The changes proposed Monday, which still must be approved by an oversight panel during its meeting in February, amount to an acknowledgement that it was not enough to turn around some of the city’s most struggling schools. De Blasio has said from the program’s unveiling that he would consider shuttering schools that failed to improve despite the help.
The closures and mergers would leave 46 schools in the turnaround program, which started with 94 schools in 2014 and now includes 78.
While the Renewal program was originally cast as an intensive three-year intervention, the remaining schools will be entering their fourth year in the program — and Fariña suggested it could extend for even longer.

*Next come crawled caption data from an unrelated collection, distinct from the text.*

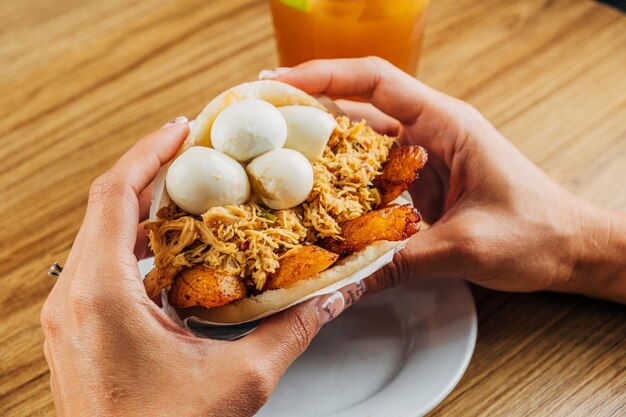 Photo woman's hands holding delicious venezuelan arepa stuffed with chicken fried plantain and corniz eggs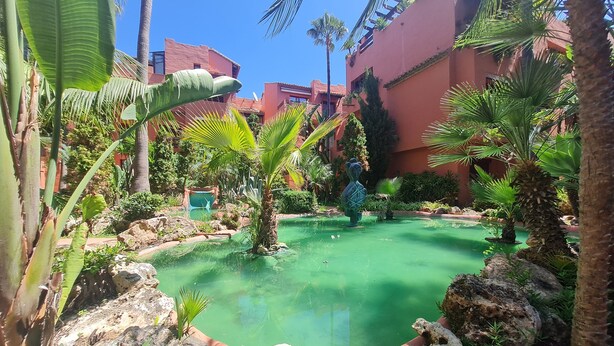 A courtyard with a small pond, palm trees, and a statue. - Luxury 2-bed Apartment Elviria - Pool, Sauna & gym (Marbella)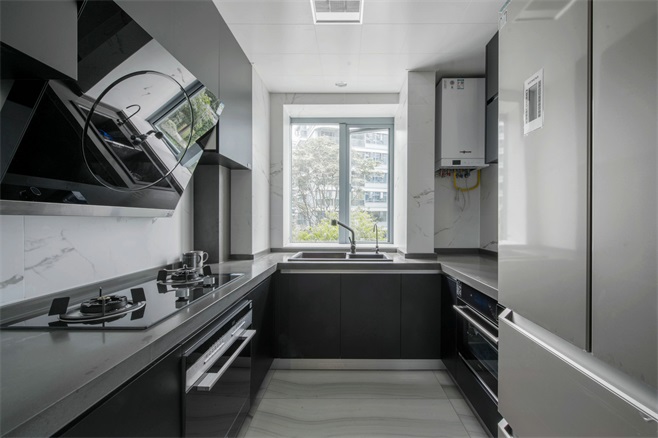 厨房动线规划完整，木质橱柜凸显空间质感，搭配白色工作台，使空间更加通透明亮。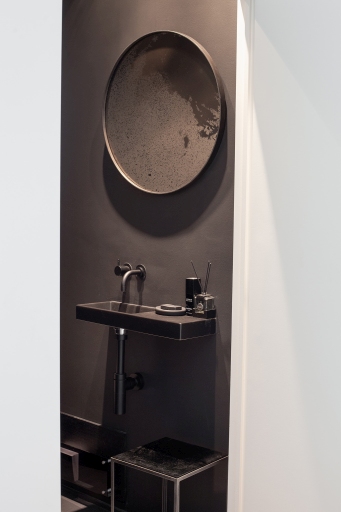 Runder Wandspiegel "heavy aged bronze" von Ethnicraft über einem dunklen Waschbecken in einem modernen Badezimmer.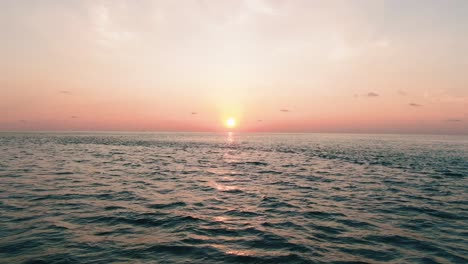 drone fly over the water maldives sunset beach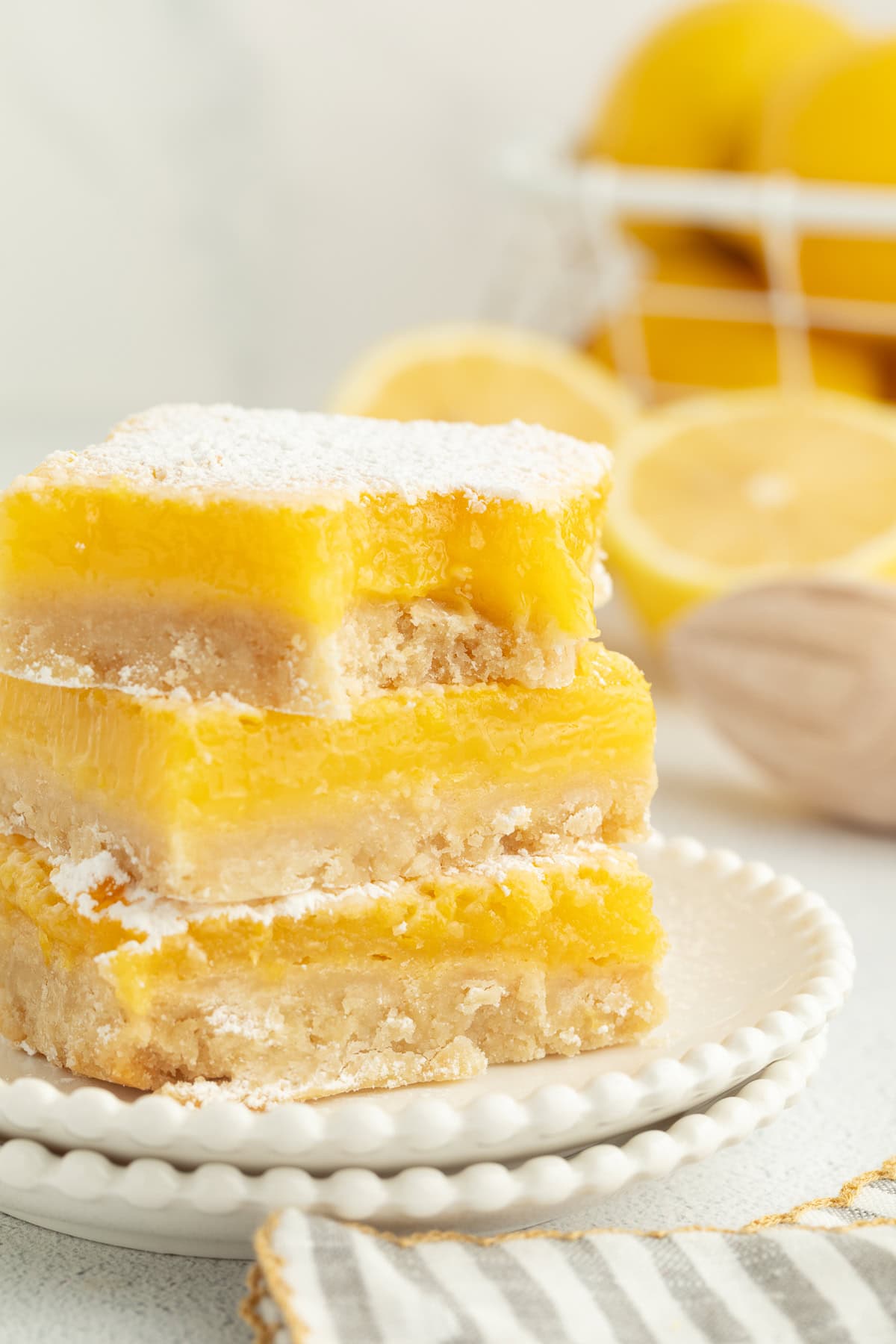 Make the best lemon bars that are perfectly baked with a soft, buttery shortbread crust and a sweet, tangy, creamy lemon curd filling. A stack of three lemon bars dusted with powdered sugar on a plate, with a bite missing from the top bar.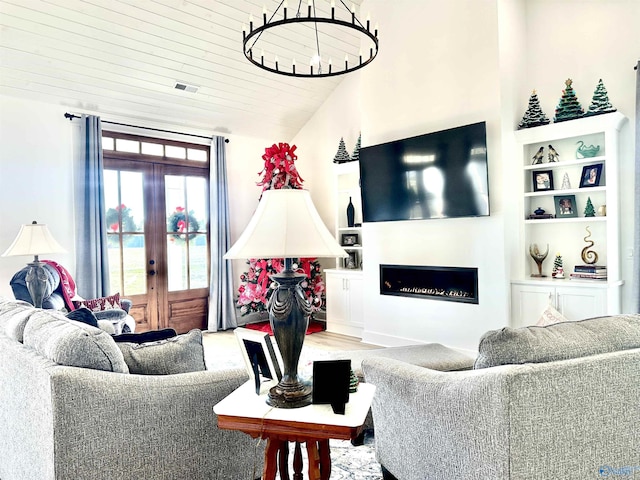 living room featuring vaulted ceiling, built in shelves, french doors, and wooden ceiling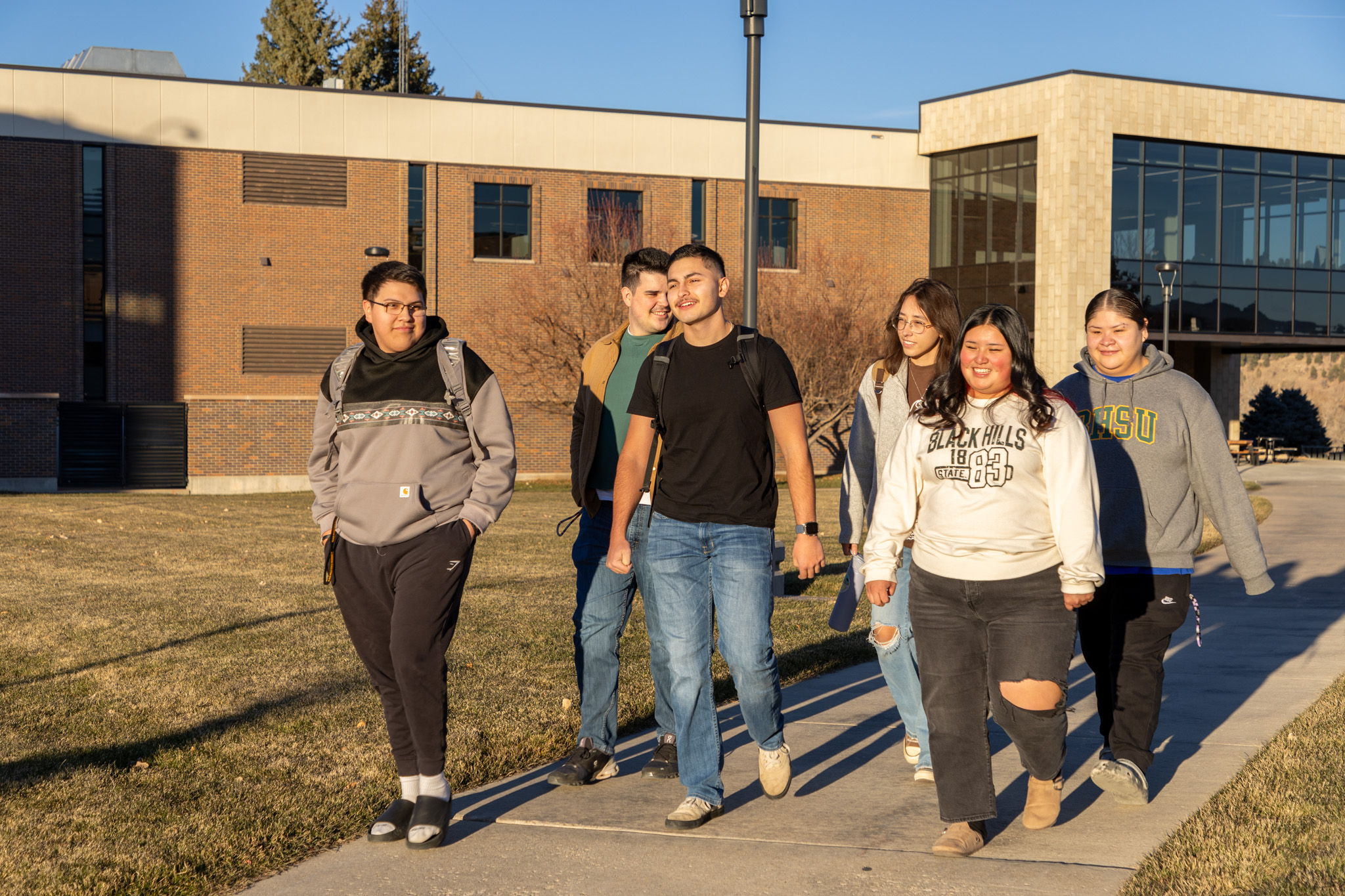 Six students who are active in the Center of American Indian Studies walk together on campus.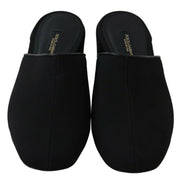 Pair of black Dolce & Gabbana slip-on mule slippers with closed toes, top view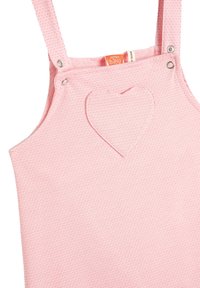 Vaaleanpunainen, teksturoitu haalari, jossa on sydämenmuotoinen aplikaatio, metallinapeilla olkaimissa, valmistettu pehmeästä puuvillasta. Tagi kertoo "valmistettu babin toimesta."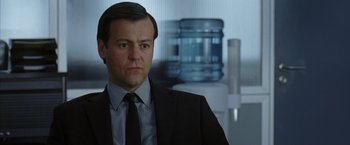 Movie still from “V for Vendetta” (2005), directed by James McTeigue – A person wearing a suit and tie; Close Up shot, Over the shoulder angle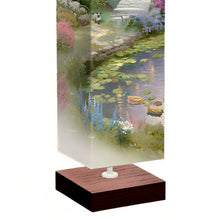 Load image into Gallery viewer, The Bradford Exchange Country Cottage Floor Lamp Serene Nature Art Lamp Expertly Reproduced Kinkade Artwork on All Sides Wood-Tone Base and Wrinkle-Resistant Fabric Shade Hands-Free Floor Switch Includes 2 FREE Energy-Saving Light Bulbs by Thomas Kinkade - RCE Global Solutions
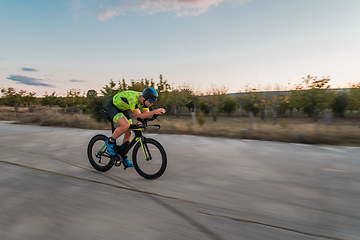 Image showing Triathlete riding his bicycle during sunset, preparing for a marathon. The warm colors of the sky provide a beautiful backdrop for his determined and focused effort.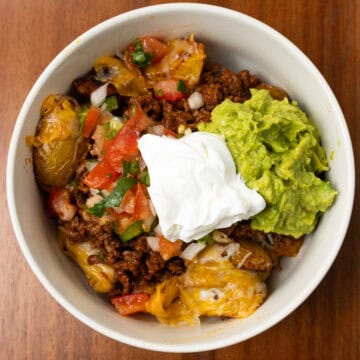 Fiesta Potato Taco Bowl finished in a bowl with guacamole and pico de Gallo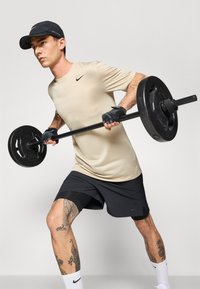 Homme portant un t-shirt beige Nike et un short noir soulevant une barre avec des poids, montrant des tatouages sur les jambes, sur fond uni.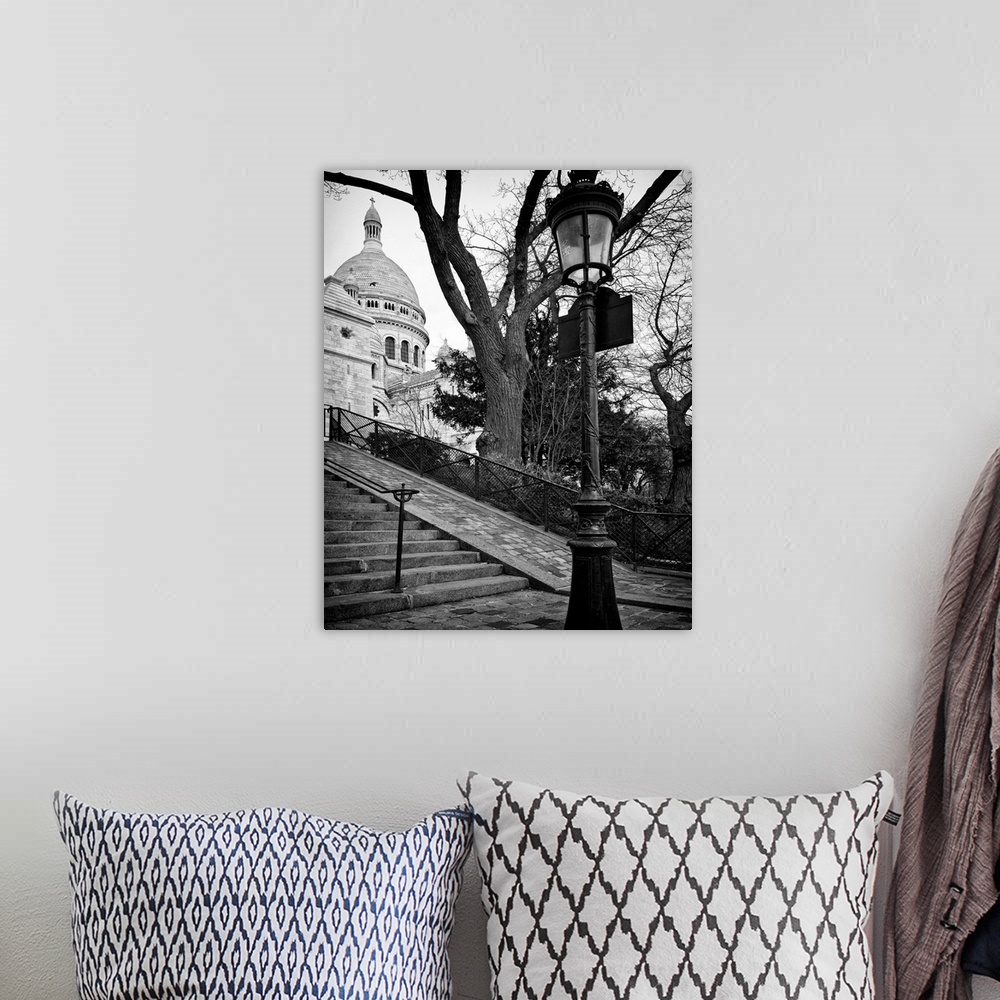 A bohemian room featuring A lamppost and stairway leading up to Sacre Coeur in France.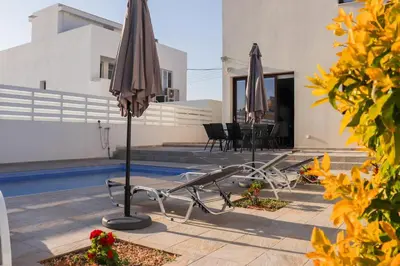 a patio with two umbrellas next to a pool at Marios Villa in Larnaka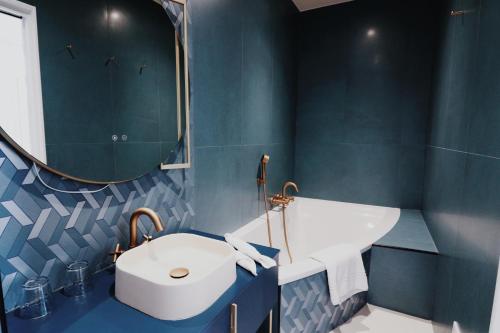 a bathroom with a white sink and a mirror at Le Rose Thé in La Ciotat
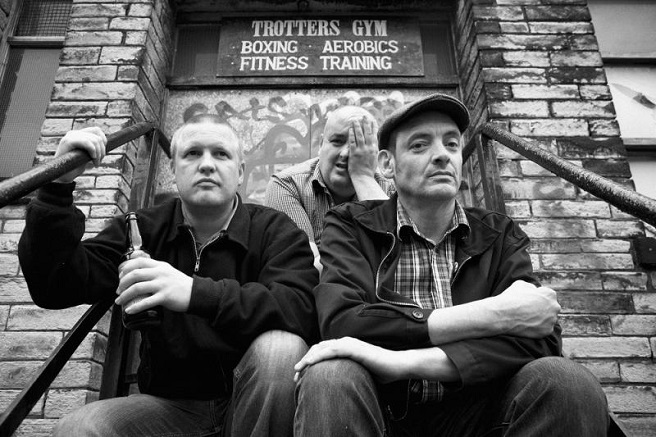 London Oi! band Hard Skin looking moody and tough in front of an old brick building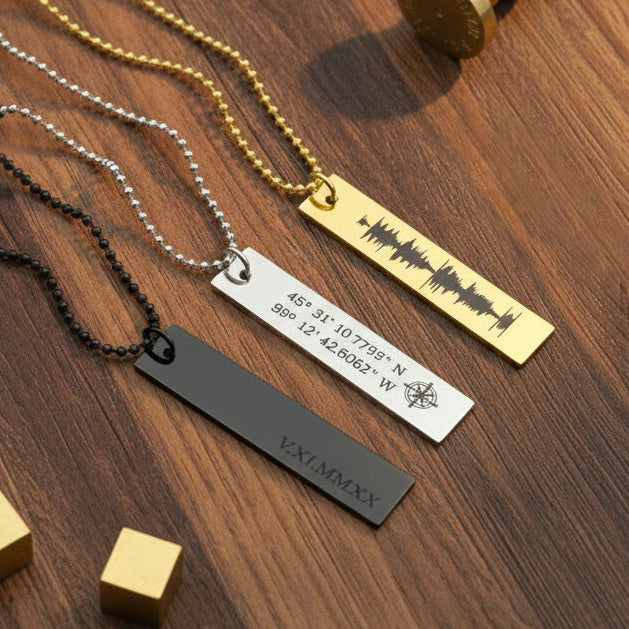 Several personalized stainless steel dog tag necklaces arranged on rustic wood background, each engraved with different designs (coordinates, name, special date). Shows variety of options for customizing dog tag gifts for him, groomsmen, anniversaries, birthdays, and couples.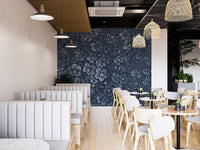Floral wall mural in a cafe dining area with white booths and wooden tables.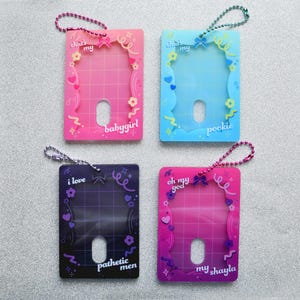 Op de afbeelding: Vier kleurrijke ID-badgehouders met decoratieve frames en zinnen. De houders zijn roze, blauw, paars en magenta, elk met een andere zin: "babygirl", "pookie", "pathetic men" en "my shayla". Elk heeft een zilveren kogelketting.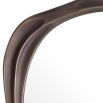 An organically shaped mirror by Eichholtz with a textured bronze highlight finish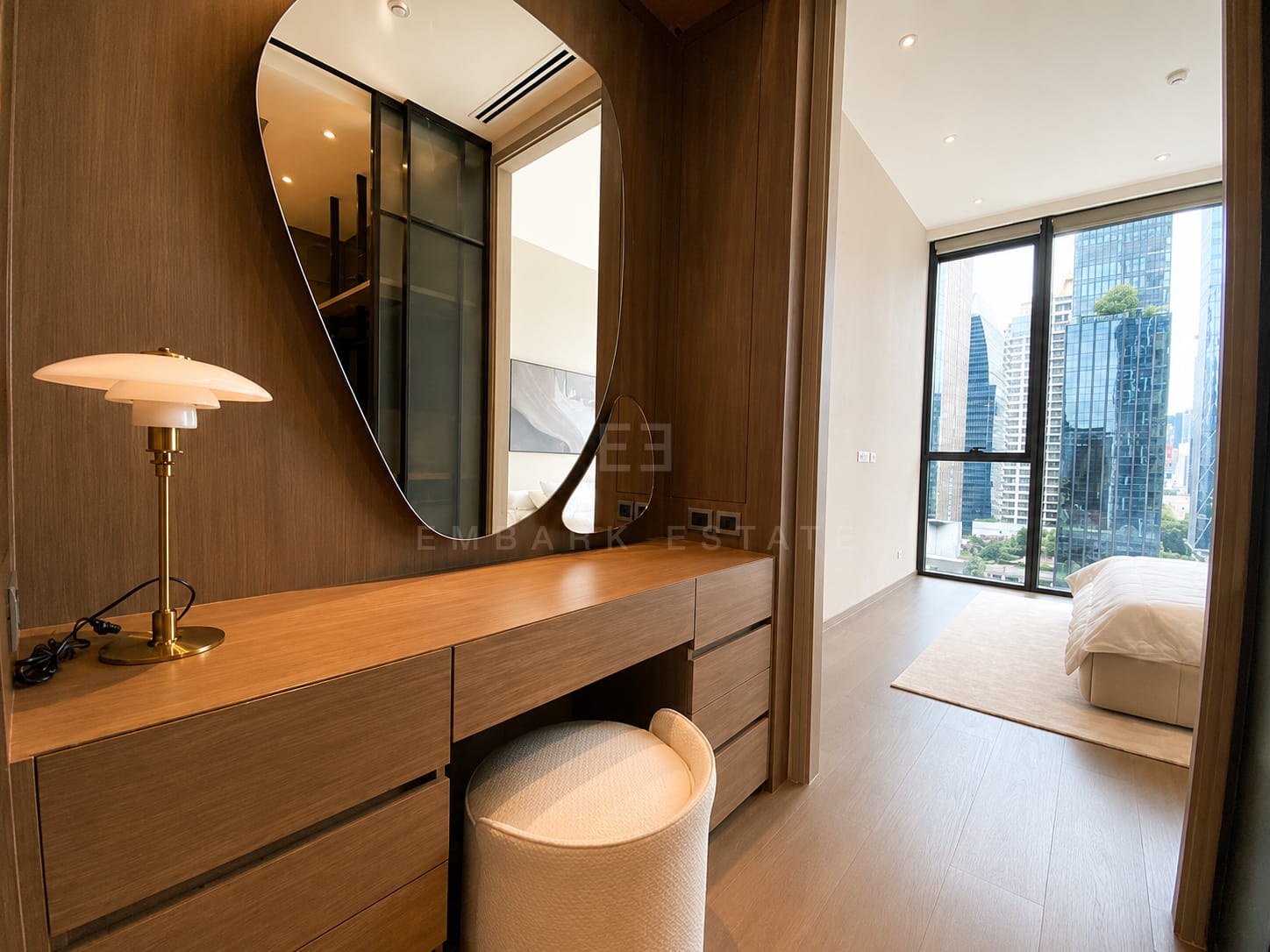 The dressing table at Scope Langsuan, an organic mirror on a timber wall above a long counter with a bouclé stool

“We’re not giving up on it at all,” she said.
But the city isn’t adding more schools to the program. While observers suspect the program’s huge price tag could be a factor, Fariña pointed to broader initiatives meant to infuse schools citywide with literacy coaches, Advanced Placement courses, and computer science.
“We expect that to make a big difference,” she said.
Evidence of the Renewal program’s success has been mixed. Schools have made only modest gains in test scores and graduation rates, researchers have found, while continuing to struggle with low enrollment and high turnover among principals and teachers.
Aaron Pallas, a professor at Teachers College who has followed Renewal closely, says that record raises an important question: What will the city do differently at the remaining schools?
“The schools that remain in Renewal are the ones I call the ‘hard cases’: These are schools that have not been making progress in the same ways others have,” he said.
Renewal officials and superintendents will soon ramp up their presence in the remaining schools, which will be expected to hit specific goals by next November, officials said.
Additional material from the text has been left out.